(Collection entries)
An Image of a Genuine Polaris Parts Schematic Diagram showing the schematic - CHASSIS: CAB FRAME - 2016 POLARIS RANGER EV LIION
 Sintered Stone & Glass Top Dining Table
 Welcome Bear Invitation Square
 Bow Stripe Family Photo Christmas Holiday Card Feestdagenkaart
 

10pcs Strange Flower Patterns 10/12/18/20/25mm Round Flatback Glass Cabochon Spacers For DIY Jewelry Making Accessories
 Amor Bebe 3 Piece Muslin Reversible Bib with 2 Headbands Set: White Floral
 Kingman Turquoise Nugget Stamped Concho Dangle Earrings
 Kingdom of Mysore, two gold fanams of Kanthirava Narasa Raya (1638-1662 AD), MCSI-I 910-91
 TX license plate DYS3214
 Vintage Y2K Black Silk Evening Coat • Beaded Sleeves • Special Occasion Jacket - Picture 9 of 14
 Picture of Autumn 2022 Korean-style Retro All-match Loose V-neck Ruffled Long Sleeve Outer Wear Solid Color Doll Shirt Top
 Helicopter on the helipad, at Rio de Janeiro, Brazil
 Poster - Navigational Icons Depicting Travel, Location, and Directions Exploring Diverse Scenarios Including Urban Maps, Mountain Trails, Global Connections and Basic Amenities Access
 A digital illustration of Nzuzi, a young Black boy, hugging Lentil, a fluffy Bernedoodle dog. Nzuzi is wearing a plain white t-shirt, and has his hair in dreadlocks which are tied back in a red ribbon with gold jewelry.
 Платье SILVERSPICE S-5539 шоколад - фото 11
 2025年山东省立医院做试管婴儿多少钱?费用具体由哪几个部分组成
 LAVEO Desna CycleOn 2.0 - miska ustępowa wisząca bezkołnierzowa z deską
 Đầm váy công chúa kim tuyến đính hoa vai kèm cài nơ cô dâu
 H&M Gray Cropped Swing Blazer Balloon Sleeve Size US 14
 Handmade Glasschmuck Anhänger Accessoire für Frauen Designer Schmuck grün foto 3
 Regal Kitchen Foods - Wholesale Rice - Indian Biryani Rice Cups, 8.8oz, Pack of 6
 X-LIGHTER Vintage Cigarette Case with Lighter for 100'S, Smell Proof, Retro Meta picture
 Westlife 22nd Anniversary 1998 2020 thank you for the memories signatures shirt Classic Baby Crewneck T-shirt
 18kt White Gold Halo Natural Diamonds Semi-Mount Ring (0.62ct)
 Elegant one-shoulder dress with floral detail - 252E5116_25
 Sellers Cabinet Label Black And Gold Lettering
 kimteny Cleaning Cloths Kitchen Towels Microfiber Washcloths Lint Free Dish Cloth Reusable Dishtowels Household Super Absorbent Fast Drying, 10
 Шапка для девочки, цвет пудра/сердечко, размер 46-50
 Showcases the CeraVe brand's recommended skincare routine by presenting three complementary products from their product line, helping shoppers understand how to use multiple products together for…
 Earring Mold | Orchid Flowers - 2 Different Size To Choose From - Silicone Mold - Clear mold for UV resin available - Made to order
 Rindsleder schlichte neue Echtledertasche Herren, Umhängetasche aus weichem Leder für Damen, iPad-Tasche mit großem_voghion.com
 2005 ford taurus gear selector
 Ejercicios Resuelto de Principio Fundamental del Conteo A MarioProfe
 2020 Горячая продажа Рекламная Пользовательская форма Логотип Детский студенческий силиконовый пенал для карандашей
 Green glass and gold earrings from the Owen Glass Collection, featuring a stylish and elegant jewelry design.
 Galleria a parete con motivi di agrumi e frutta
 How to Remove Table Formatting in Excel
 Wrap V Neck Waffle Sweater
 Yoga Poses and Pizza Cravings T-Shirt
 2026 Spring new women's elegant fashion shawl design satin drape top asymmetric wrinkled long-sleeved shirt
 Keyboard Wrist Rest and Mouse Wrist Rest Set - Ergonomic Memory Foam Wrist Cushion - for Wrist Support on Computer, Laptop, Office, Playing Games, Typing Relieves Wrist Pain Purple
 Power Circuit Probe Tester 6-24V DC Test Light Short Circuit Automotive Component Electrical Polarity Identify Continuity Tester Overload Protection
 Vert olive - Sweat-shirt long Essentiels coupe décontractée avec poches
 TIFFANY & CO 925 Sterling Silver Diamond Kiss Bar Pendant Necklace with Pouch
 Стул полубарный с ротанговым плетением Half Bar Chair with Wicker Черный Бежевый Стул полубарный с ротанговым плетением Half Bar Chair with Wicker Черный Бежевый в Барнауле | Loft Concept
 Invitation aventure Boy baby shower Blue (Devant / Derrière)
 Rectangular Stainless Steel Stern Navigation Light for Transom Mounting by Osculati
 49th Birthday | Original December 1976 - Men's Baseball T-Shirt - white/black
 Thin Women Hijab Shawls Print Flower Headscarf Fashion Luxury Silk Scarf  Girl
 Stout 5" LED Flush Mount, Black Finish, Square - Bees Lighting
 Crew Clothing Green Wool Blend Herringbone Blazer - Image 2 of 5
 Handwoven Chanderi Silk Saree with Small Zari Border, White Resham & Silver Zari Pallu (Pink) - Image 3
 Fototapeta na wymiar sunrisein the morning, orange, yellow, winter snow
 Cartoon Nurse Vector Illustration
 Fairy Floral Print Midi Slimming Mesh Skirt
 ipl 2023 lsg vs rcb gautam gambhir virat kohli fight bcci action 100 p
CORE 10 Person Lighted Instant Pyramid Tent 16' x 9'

_YOUR ASSIGNMENT_: Among the records above, repeat exactly the line with "Earring Mold |", the line with "2005 ford taurus gear selector", and every line in between, and only those.

_WRITTEN RESPONSE_:
 Earring Mold | Orchid Flowers - 2 Different Size To Choose From - Silicone Mold - Clear mold for UV resin available - Made to order
 Rindsleder schlichte neue Echtledertasche Herren, Umhängetasche aus weichem Leder für Damen, iPad-Tasche mit großem_voghion.com
 2005 ford taurus gear selector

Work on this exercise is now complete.